Mobutu Sese Seko was the “president” of what is now Democratic Republic Of Congo, and was, to put it politely, a bit of a dick. Renaming the country Zaire in 1971 he ruled the land with an iron fist, and guns, mostly guns. Zaire qualified for the 1974 World Cup in some style, with many tipping them to be the surprise package of the tournament. As such, Mobutu decided to use this to showcase his country and how great it was, the team were referred to as his lions, but this didn’t keep them from danger. Defender Boba Lobilo’s brother was a highly regarded newsreader (on a news show which started with an image of Mobutu descending through the clouds, because dickholes don’t do subtlety) when he was arrested. What crime did he commit? He said the name of former finance minister Emmanuel Bamba. That arrest may have been a slight overreaction, but was par for the course for Mobutu, who also threatened to arrest two players for daring to not change their names from Christian ones to more Africanised ones. Of course, in typical dictator fashion he had a lavish palace whilst his people starved. He promised the team riches beyond their wildest dreams if they played well at the world cup. They didn’t, losing their first game to Scotland, and being absolutely humiliated in their second game, losing 9-0 to Yugoslavia. Mobutu sent his people to have a “meeting” with the team. A meeting which consisted of Mobutu’s people telling the team:

“You have all brought shame on to the country of Zaire. You are scum, and sons of whores. The great leader says that if you concede more than three goals against Brazil, you will never see Zaire or your families again”

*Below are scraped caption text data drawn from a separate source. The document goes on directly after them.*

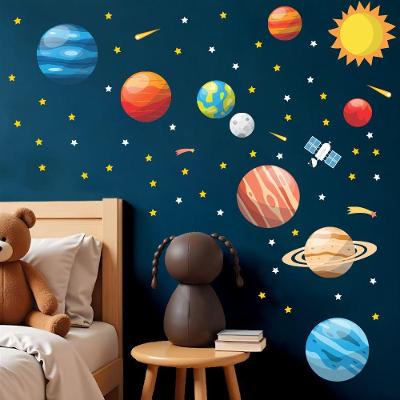 Adesivo de Parede Sistema Solar com Impressão em Alta Resolução Amarelo Arte na Arte 66 Adesivos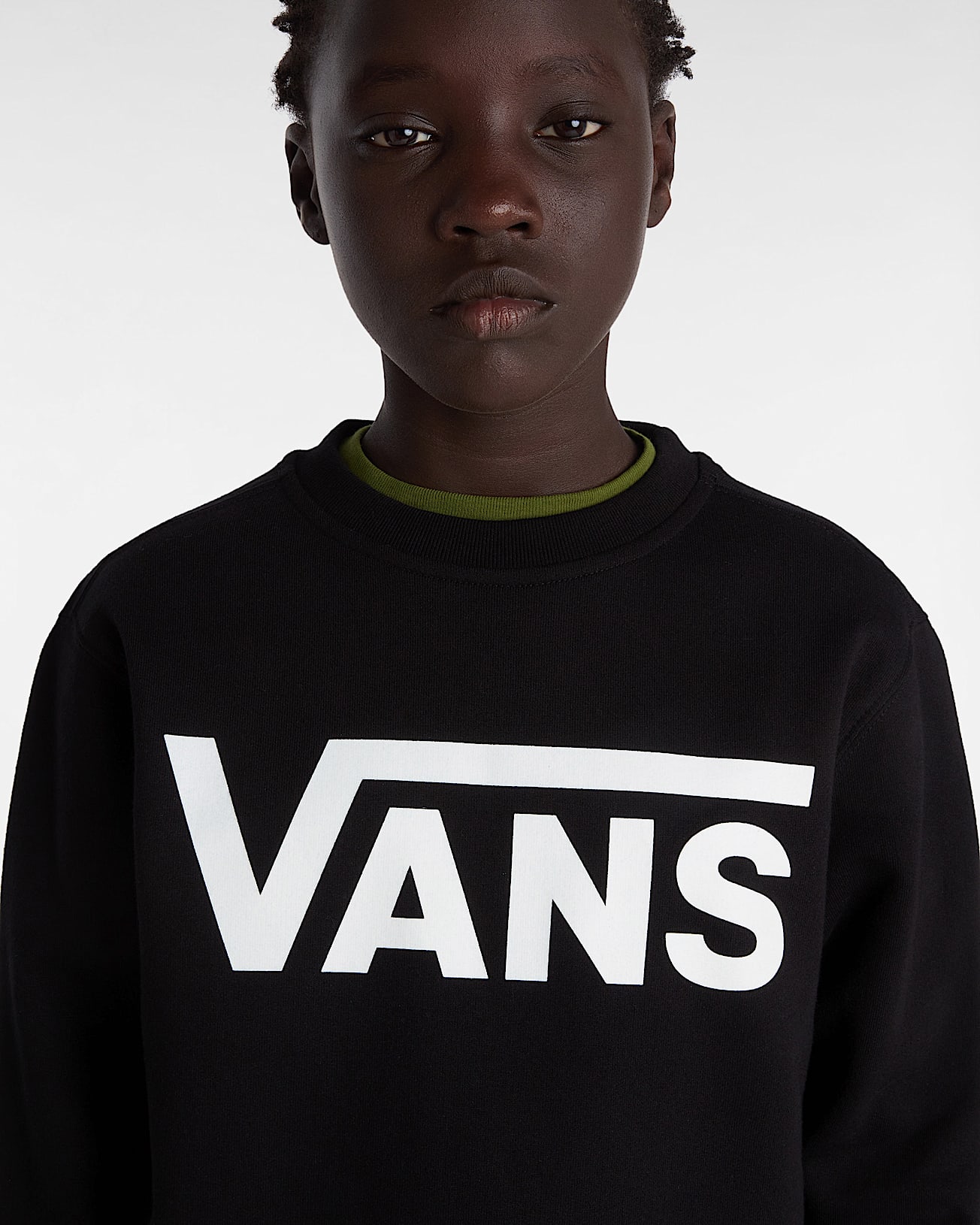 Sweatshirt Vans Classic II Crew Enfant 814 ans VANS Noir ALT11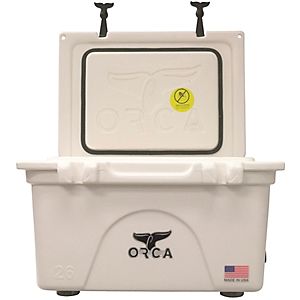 ORCA ORCW026 26 qt. Insulated Cooler&#44; White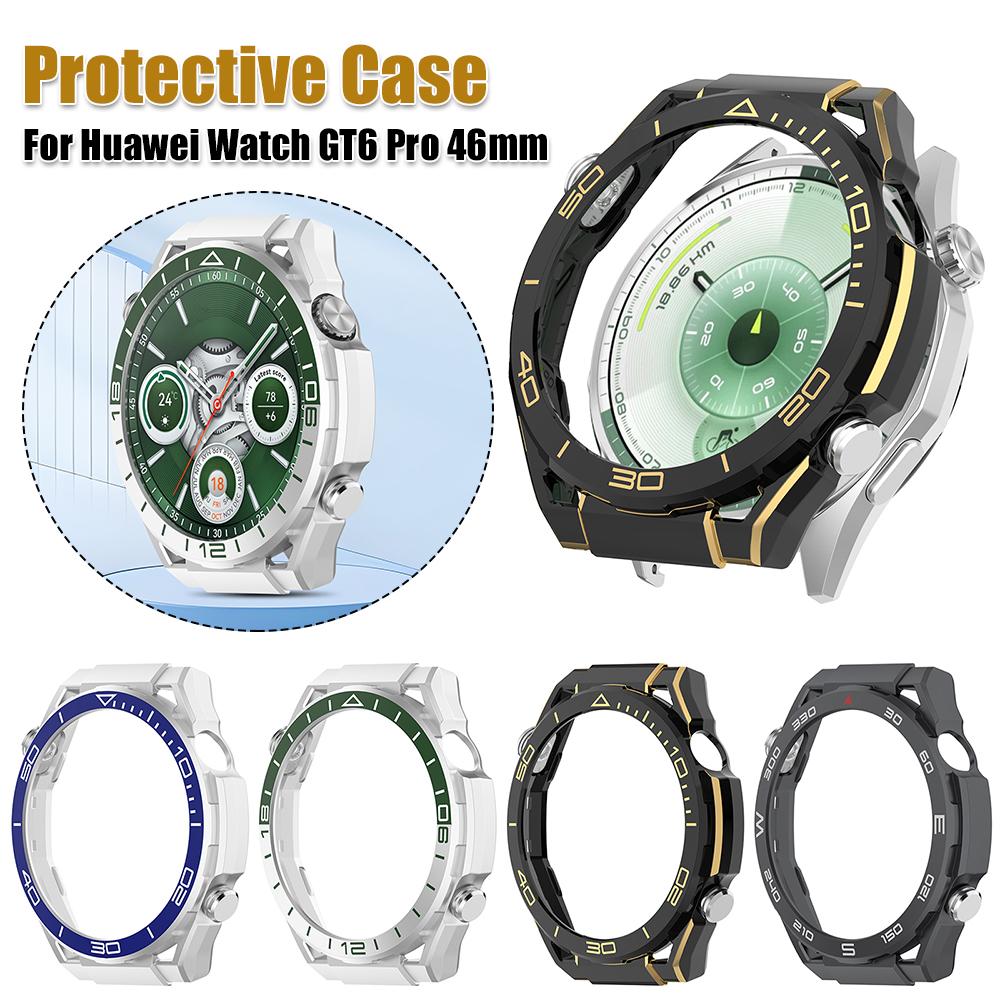 Protective Case Hollow Watch Protective Cover Frame Hollow Out Watch Frame Bumper for Huawei Watch GT6 Pro 46mm Accessories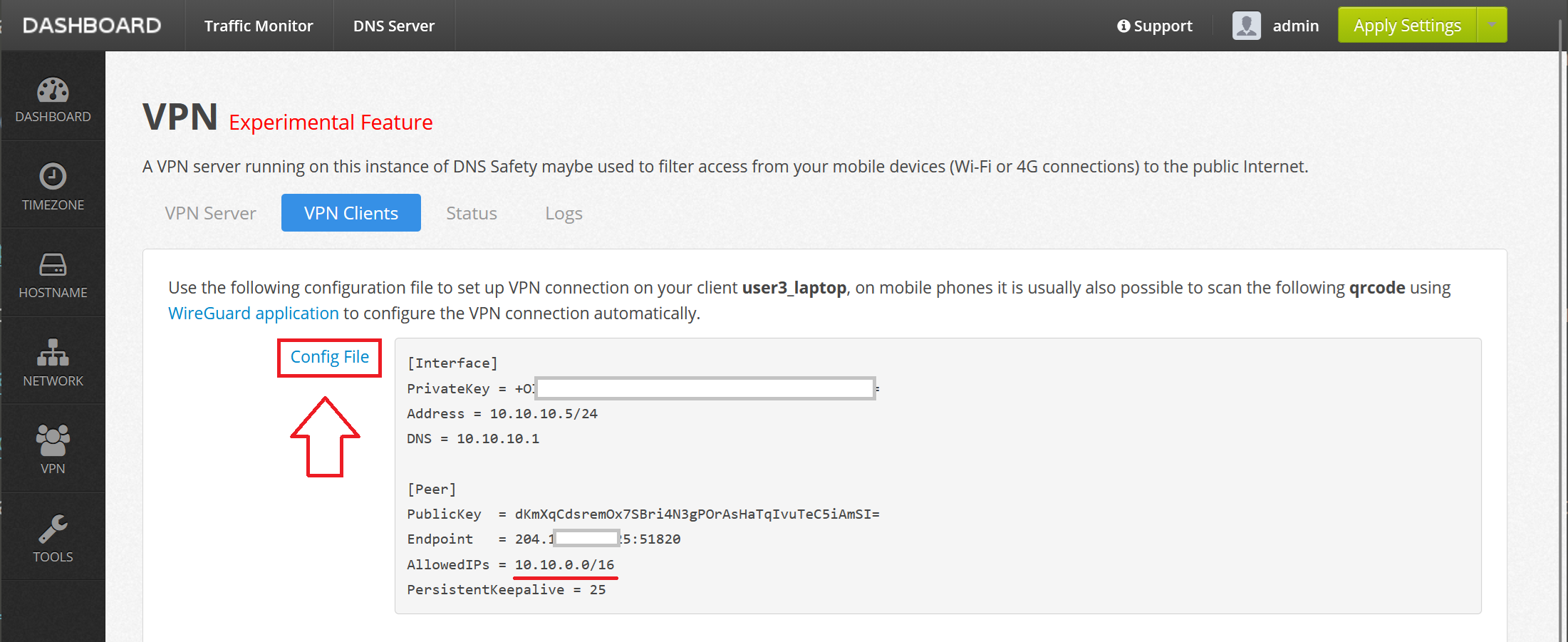 Copy and Save VPN profile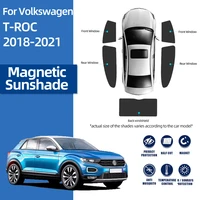 for volkswagen vw t roc 2017 2022 troc magnetic car sunshade front windshield frame curtain rear side window sun shade shield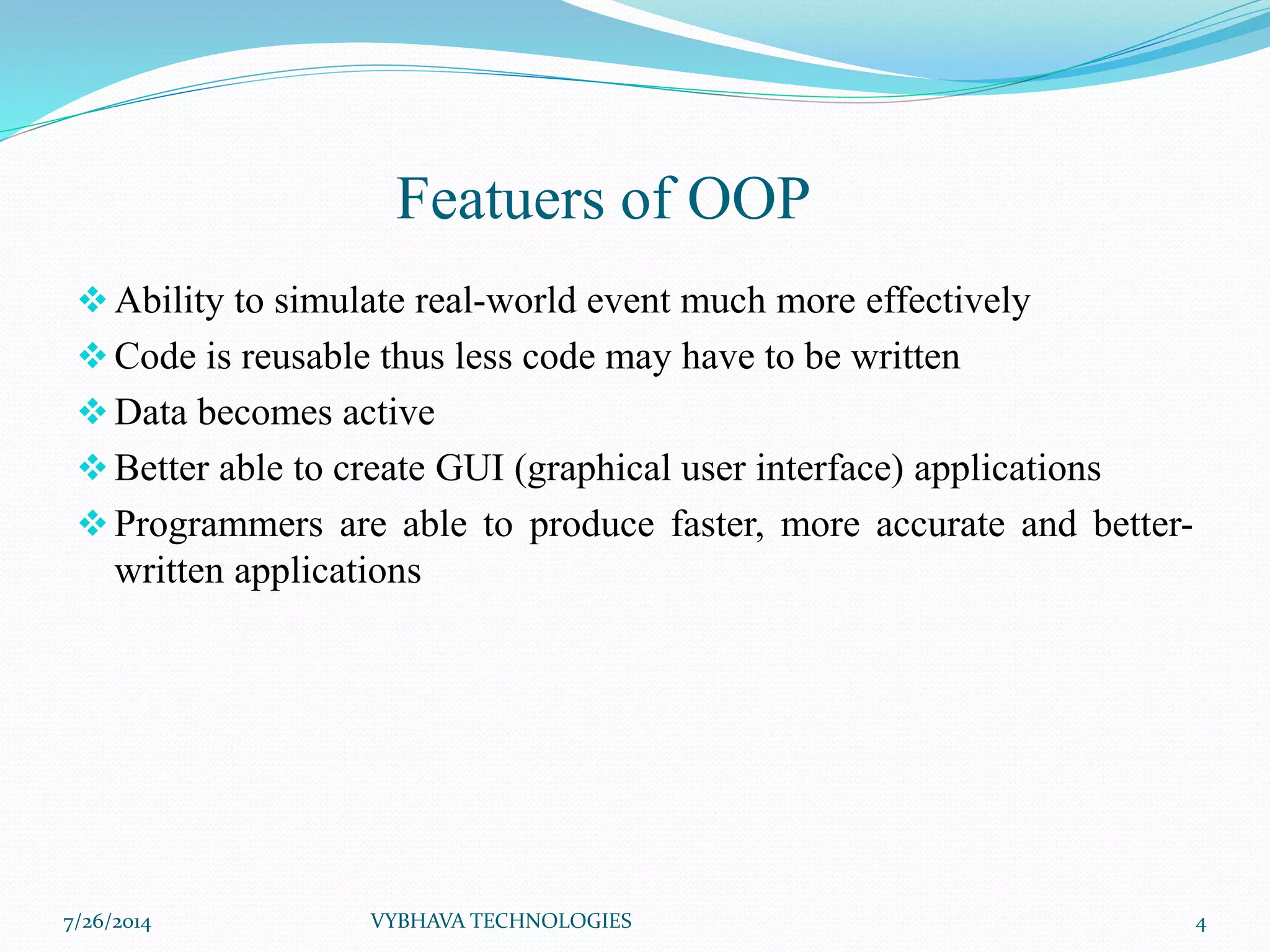 Basics of Object Oriented Programming in Python | PPTX | Programming ...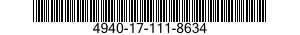 4940-17-111-8634 BAK, ONDERDELEN 4940171118634 171118634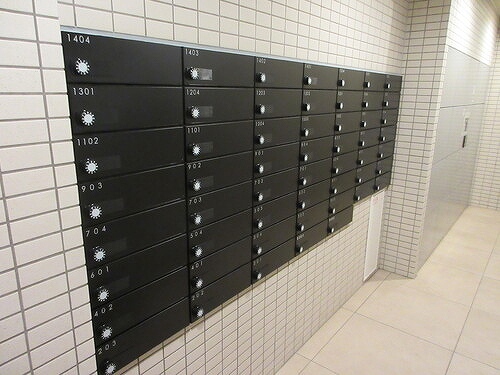 ガーラ・レジデンス府中宮西町10階 集合郵便受け　2026年1月撮影の写真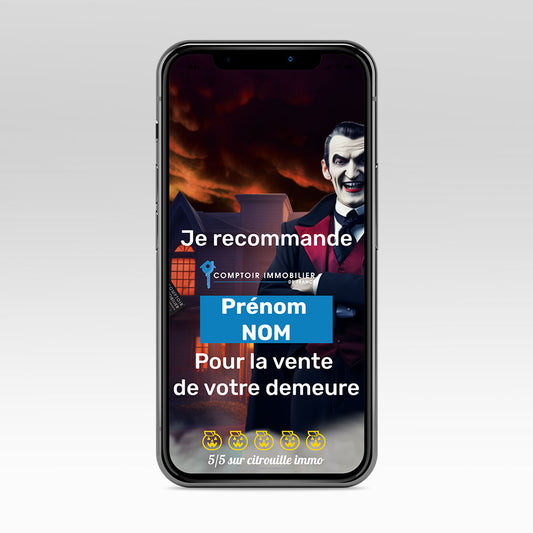 Post vidéo Halloween Dracula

With 11 minutes of the game left, Brazil were 3-0 up and had a free kick in a good position. As the Zaire wall lined up, defender Mwepu Ilunga rushed out and kicked the ball away before Brazil could take the kick. The commentators used it as an example of African football’s naivety and indiscipline, but in reality he just panicked in the heat of the moment. Brazil retook the kick, and it came to nothing. The final result was 3-0 and the players were sent home, disgraced but still alive and allowed back. Once they got back home the players had their club contracts cut and found it very hard to get work again. A heartbreaking story for the players involved, made worse by fact that Mobutu seemed to escape any form of karmic justice, staying in power until 1997, the first African leader invited to the White House by George H W Bush, and got his country to host Ali/Foreman, to the cost $10million dollars which his country could have used.

5. Christmas Truce

Christmas Truce 1914, as seen by the Illustrated London News.

Probably the most well known story in this list. Christmas Day 1914 saw a series of unofficial ceasefires along the Western front, some taking part in football matches. This is simply beautiful, soldiers putting their differences aside to fraternise, seeing each other as equals, not caricatured enemies. This film wouldn’t even need dialogue, the entire thing could just be shown with music, the frantic firing in November, the slowing down in December, the first person going over the trench, the game itself, then the slow realisation that this will never happen again and some of these people will end up dead, killed by the people they played with, then an old man, reliving the war, visiting the grave of an enemy soldier, carefully placing a football down on the grave.